WASHINGTON — US trade flows are realigning on the back of pandemic shocks and tensions with China, but efforts to reduce interdependence between the superpowers have not brought a swift decoupling.

While security concerns have escalated and US imports from China fell after Washington and Beijing imposed tit-for-tat tariffs, trade has since climbed again.

The numbers could rise further when 2022 trade data is released next month, pointing to how interlaced the world’s two biggest economies are.

But experts say tensions have left their mark in other ways.

“US imports from China are well below the trend that they were on before the trade war started,” said Mary Lovely, senior fellow at the Peterson Institute for International Economics (PIIE).

“There is definitely a turn away from China in US imports, especially or primarily in those goods on which the US raised tariffs,” she told AFP.

After the trade war started, the value of America’s goods imported from China dropped from $506 billion in 2017 to around $450 billion in 2019.

Bilateral relations are not the only factors affecting trade.
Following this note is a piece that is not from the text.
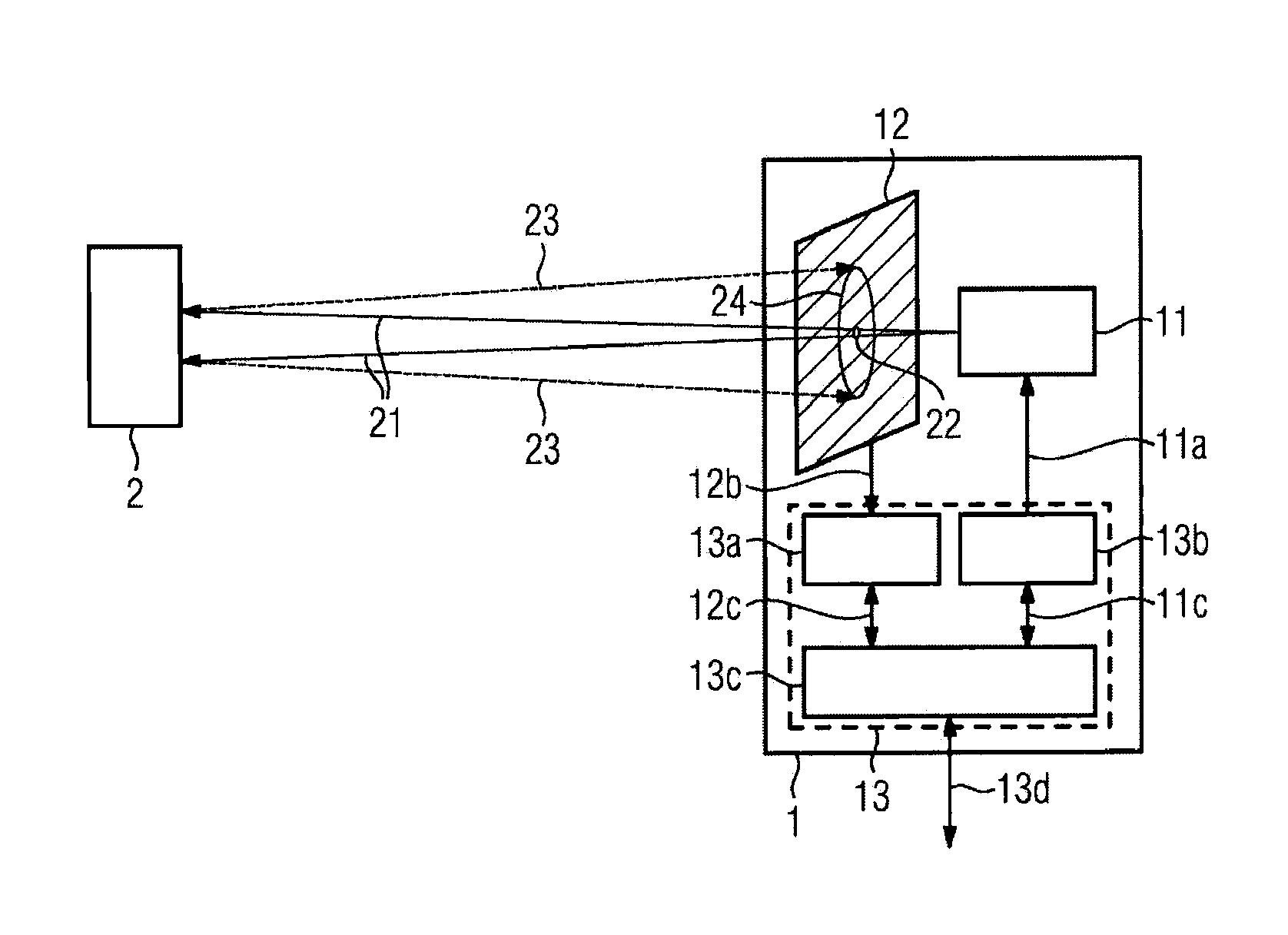 Optical Sensor, in Particular Proximity Switch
The pandemic taook a heavy toll as well.

Last November, China saw its sharpest drop in exports since the start of Covid-19, with business activity slammed by a strict zero-Covid policy.
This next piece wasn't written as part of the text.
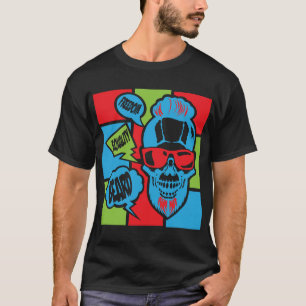 T-shirt tete de mort hipster citation barbe freedom beard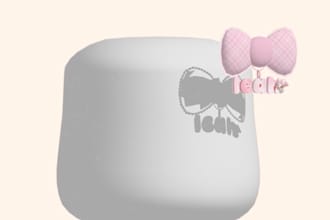 make a custom roblox ugc bow with name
Also weighing on imports is an “ongoing shift in the US away from spending on goods,” said Ryan Sweet of Oxford Economics.

Americans spent heavily on imported products during the pandemic, but “people are going back out and spending on services” as virus concerns ease, he said.
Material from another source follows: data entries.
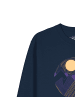wat? Apparel Sweatshirt Geometric Landscape 3 in Dunkelblau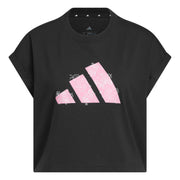 T-shirt con Grafica Western Florals Big Logo - Nero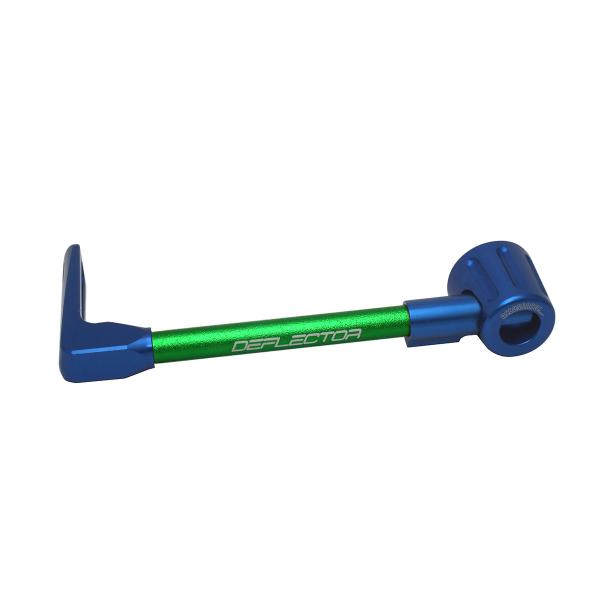 Accossato lever guard straight clutch green/blue aluminum connection 16mm-17.5mm
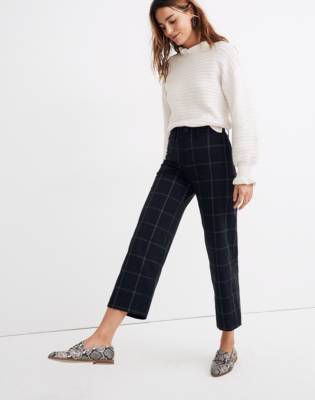 slim leg crop pants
This cuts into demand for goods and can help explain why numbers have not surged more.

Diversification, not decoupling 

For now, US government figures through to November show total US-China trade could approach or hit a high in 2022.

“Going forward, you’re going to see more diversification,” as opposed to a complete cut-off of shipments from China, said Sweet.

Auto manufacturers, for example, experienced supply chain problems during the pandemic.

Increasing climate-related disruptions are also “raising the risks of overconcentrated supply chains in one firm or one geographic area,” said Robert Koopman, a lecturer at American University and a former World Trade Organization chief economist.

Meanwhile, the US is trying to be more self-reliant in specific sectors like semiconductors.

“The recent (Inflation Reduction Act) and Chips Act, and related sanctions are clear indicators of the Biden administration’s efforts to decouple from China” in these areas, said Koopman.

Emily Benson, senior fellow at the Center for Strategic and International Studies (CSIS), added: “As companies reassess risk and review the current state of their supply chains, one consistent outcome is movement… away from China to other countries.”

These could be countries in Southeast Asia or closer to the United States.

“While this trend is growing, it resembles sand leaking out of a bag more than it does a tsunami,” she told AFP.

It is likely “too early” for definitive comments on industries, but US export controls “are going to force some decoupling” over time in technology or areas where semiconductors are key, Benson said.


Lovely of PIIE noted that some business has moved from China to countries like Vietnam or Mexico.

“There’s definitely been some substitution of suppliers,” she said, adding that is fueled partly by Chinese investors who have opened factories outside their home country.

“In Mexico, it’s a different story,” Lovely added. “There has been some Chinese investment, but a lot of it is multinationals who were moving closer to the US.”

But Koopman cautioned that countries like Mexico will need domestic reforms to boost competitiveness and lower implicit trade costs, to reap greater benefits.

US goods imports from the European Union are also catching up, with year-to-date numbers for 2022 reaching $504.4 billion in November. This was above the $499.5 billion worth of goods from China over the same period.

But economists point to a post-Covid uptick in commercial activity worldwide to explain the trend.

“These figures are a small snapshot and are more likely representative of the global economy returning to pre-pandemic levels than any specific decoupling movement,” said Benson.

As China recovers from an infections surge after easing Covid-19 rules, it too expects a noticeable rise in imports, said Vice Premier Liu He, speaking this month in Davos, Switzerland.